The lysosome is a small membrane bound organelle that can be found in most animal cells. It was once thought that these little sacs were like recycling centers that could take up cellular waste products, and digest them with the enzymes inside, which freed up stud like lipids, sugars, or amino acids to be reused by the cell. Many other crucial functions have recently been found for lysosomes, including roles in immunity signaling and nutrient sensing, for example. Dysfunction in lysosomes has also been linked to a variety of human diseases.
Now, researchers have developed a technique that can identify all of the molecules in the lysosomes of a mouse model. This work will hopefully help provide insights into how lysosomal disorders are caused, and how they might be treated.The work, which has been reported in Nature, has also shed light on a neurodegenerative disorder called Batten disease.
“Lysosomes are fascinating both fundamentally and clinically: they supply the rest of the cell with nutrients, but we don’t always know how and when they supply them, and they are the places where many diseases, especially those that affect the brain, start,” noted study leader Monther Abu-Remaileh, an assistant professor at Stanford University.

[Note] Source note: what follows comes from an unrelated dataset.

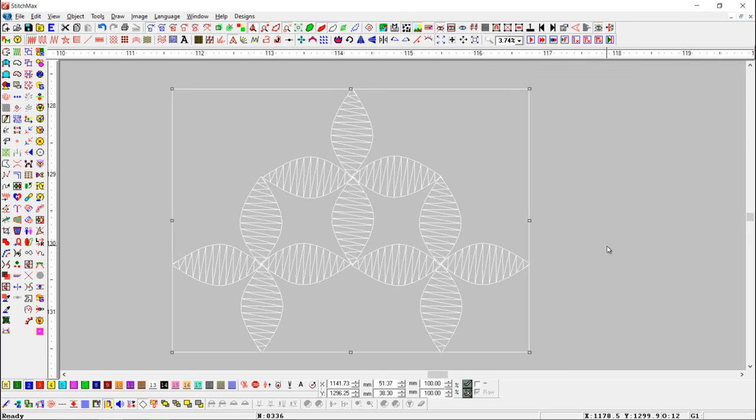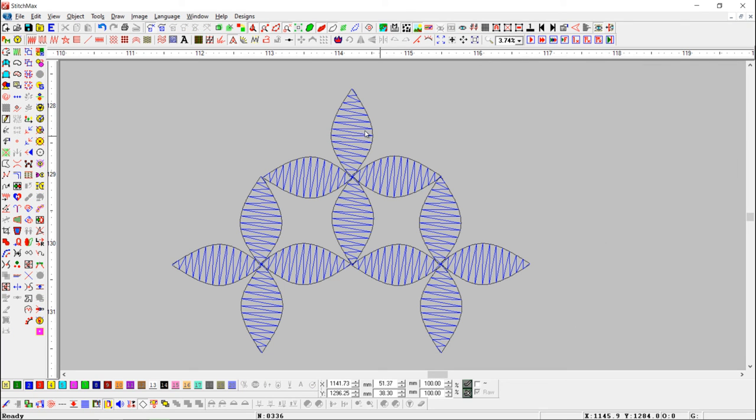Here you can see, stitch spacing has increased and stitches have decreased in design.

Lysosomal storage disorders are a group of diseases that occur when there are genetic mutations in molecules that are typically found in lysosomes. Studying these disorders has proven challenging, however. Researchers often disrupt a protein they are interested in to see what happens to the cell after the protein is disrupted. But huge increases in the levels of molecules that sit inside of lysosomes are difficult to detect, because they get "buried in the noise" created by the rest of the cell, noted first study author Nouf Laqtom. “If something happens and a molecule grows in abundance 200-fold in the lysosome, you would see only a two-fold increase if you look at the whole cell.”
By isolating lysosomes from the rest of the cell, researchers could quiet that noise. To do so, they genetically engineered mice that would carry molecular tags on their lysosomes. Any tissue in the mice could be collected, then the lysosomes could be isolated from that tissue by using the tag. The molecular tags on the lysosomes could be bound by matching them to molecular clamps that the researchers attached to little magnetic beads. A second magnet could be applied to a tissue slurry containing those linked lysosomes, and all of the lysosomes were extracted with the magnet.
Once the lysosomes were isolated, a tool called mass spectrometry was applied. This identified the molecular weights of the molecules that had been isolated from the lysosomes, which gives clues to their identities and their functions.
These mice can now be used by the research community at large. Some groups have already started to work with this model, called the LysoTag mice.
“We hope that this will become the gold standard,” said Abu-Remaileh.
Once the method was developed, the researchers and colleagues investigated the impact of a mutation in the gene CLN3, which encodes for a protein on the surface of lysosomes. This mutation has been linked to juvenile Batten disease, a fatal disorder that causes seizures, and neurodegeneration in children and young adults.
The researchers found that there was a significant increase in molecules called glycerophosphodiesters (GPDs) in the mouse model. Normally, GPDs would not build up in lysosomes; they would move to another part of the cell and get degraded. But the scientists hypothesize that CLN3 is involved in helping GPDs get to where they are going. When CLN3 doesn't do that work, the GPDs accumulate. GPDs were found in the cerebrospinal fluid of patients. Now, the scientists want to know if GPDs may be toxic and how drugs may help shuttle them.